The same may happen wrt. access to financial services (e.g. Facebook employees around the world may eventually be indistinguishable from US citizens for the purpose of opening bank accounts or owning property in the US, etc.), for example. Maybe a particularly bad example because taxation is very complicated and this messes with that too directly

Perhaps a better example would relate to access to State-sponsored programs like healthcare. Imagine future in which Amazon, Facebook, Google lobby for allowing a knowledge worker to travel from their country of residence to their country of work to utilize a governmental program that was previously reserved to citizens only. (Add a bit about actual citizens losing that right if they are 'unproductive' and you got yourself a setting for a sci-fi story)

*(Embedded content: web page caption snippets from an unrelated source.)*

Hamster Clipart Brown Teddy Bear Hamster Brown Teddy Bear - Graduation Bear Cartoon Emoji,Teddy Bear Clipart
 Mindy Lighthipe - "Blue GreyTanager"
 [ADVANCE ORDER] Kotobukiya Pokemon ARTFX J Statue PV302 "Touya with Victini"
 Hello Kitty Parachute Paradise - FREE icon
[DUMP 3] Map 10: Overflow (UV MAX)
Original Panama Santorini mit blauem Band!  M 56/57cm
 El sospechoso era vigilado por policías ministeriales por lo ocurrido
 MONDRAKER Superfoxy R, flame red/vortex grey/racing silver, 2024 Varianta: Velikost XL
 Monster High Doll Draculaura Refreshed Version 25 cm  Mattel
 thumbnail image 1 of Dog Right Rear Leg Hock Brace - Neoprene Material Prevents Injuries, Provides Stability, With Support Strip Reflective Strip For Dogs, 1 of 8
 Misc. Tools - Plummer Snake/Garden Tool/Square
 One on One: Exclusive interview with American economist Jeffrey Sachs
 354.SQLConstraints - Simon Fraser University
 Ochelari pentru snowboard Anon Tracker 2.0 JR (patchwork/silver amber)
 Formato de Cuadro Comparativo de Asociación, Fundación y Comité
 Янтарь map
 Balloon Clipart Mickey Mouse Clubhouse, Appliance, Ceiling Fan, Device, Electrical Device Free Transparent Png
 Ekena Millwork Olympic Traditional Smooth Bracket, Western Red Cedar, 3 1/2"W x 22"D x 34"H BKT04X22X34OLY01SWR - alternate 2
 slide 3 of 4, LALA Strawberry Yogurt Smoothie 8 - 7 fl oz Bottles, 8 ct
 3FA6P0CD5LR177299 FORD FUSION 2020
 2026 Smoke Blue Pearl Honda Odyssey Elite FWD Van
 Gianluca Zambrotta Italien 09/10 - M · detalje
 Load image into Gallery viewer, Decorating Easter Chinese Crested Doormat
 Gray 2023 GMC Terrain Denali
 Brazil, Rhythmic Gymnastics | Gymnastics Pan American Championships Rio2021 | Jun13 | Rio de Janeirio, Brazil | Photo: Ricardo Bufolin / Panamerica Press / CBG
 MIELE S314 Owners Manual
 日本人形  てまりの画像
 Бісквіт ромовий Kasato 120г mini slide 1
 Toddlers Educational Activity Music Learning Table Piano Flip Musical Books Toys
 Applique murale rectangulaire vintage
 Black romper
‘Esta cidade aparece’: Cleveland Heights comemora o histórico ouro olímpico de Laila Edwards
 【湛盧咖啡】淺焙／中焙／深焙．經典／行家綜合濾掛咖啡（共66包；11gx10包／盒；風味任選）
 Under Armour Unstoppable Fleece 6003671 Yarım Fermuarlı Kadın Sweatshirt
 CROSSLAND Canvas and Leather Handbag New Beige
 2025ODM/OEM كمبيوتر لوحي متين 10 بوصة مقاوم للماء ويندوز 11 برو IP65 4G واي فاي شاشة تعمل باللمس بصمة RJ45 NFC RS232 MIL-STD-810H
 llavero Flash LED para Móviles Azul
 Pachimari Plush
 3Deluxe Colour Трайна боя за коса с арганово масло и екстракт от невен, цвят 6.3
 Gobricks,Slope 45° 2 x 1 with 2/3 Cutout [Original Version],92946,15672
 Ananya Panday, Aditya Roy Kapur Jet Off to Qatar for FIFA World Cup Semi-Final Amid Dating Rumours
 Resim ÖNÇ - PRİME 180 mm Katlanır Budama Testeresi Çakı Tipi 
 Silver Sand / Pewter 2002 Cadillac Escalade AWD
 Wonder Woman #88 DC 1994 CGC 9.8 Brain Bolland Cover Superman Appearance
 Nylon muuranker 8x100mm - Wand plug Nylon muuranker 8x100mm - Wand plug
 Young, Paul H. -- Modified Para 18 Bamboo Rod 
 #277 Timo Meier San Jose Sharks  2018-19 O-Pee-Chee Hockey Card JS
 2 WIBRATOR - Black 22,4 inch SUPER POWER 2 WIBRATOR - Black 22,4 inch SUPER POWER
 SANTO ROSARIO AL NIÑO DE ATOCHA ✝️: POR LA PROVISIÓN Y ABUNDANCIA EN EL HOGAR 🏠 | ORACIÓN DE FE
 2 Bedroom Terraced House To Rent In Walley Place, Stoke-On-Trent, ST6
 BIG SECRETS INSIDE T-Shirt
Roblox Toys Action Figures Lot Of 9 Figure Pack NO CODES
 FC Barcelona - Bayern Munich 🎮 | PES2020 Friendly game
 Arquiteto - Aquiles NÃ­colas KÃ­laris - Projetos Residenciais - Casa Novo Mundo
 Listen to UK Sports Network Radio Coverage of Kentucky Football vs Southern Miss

It's late and maybe I'm not making much sense, I don't know. I'm aware there are a million possible reasons why this should not come to pass but at least on law & regulation I think that if the incentives of the companies align with 'extending rights of remote workers towards citizenship-like rights', then law and legislation will be changed via lobbying, etc. without much ordinary citizens can do about it

I offer no judgment of value - simply pointing out something that we may see happen over the next years or decade



Ever since i read Snowcrash I've thought about this. What if major corps developed transnational power: get hired in India, get benefits that include expedited visa processing, global health insurance coverage, company schools or online curricula for children of employees. I mean this exists for senior execs, how would it look when extended to the FAANG rank and file?

Sort of a mobility-focused benefits package. Unlikely, incredibly unfeasible but interesting to ponder.


I was somehow unfamiliar with Snow Crash. Thanks for the pointer!

Also - yes, precisely! The internet abounds with posts about how Apple's market cap is larger than most countries GDP already. If the trend of tech-giants growth keeps pace, we may have multi-trillion dollar companies whose revenue will rival nations' GDPs.

At that point, the 'guild' of workers around the world will may have enough political power to be backed by the company, which will have enough leverage to influence law everywhere.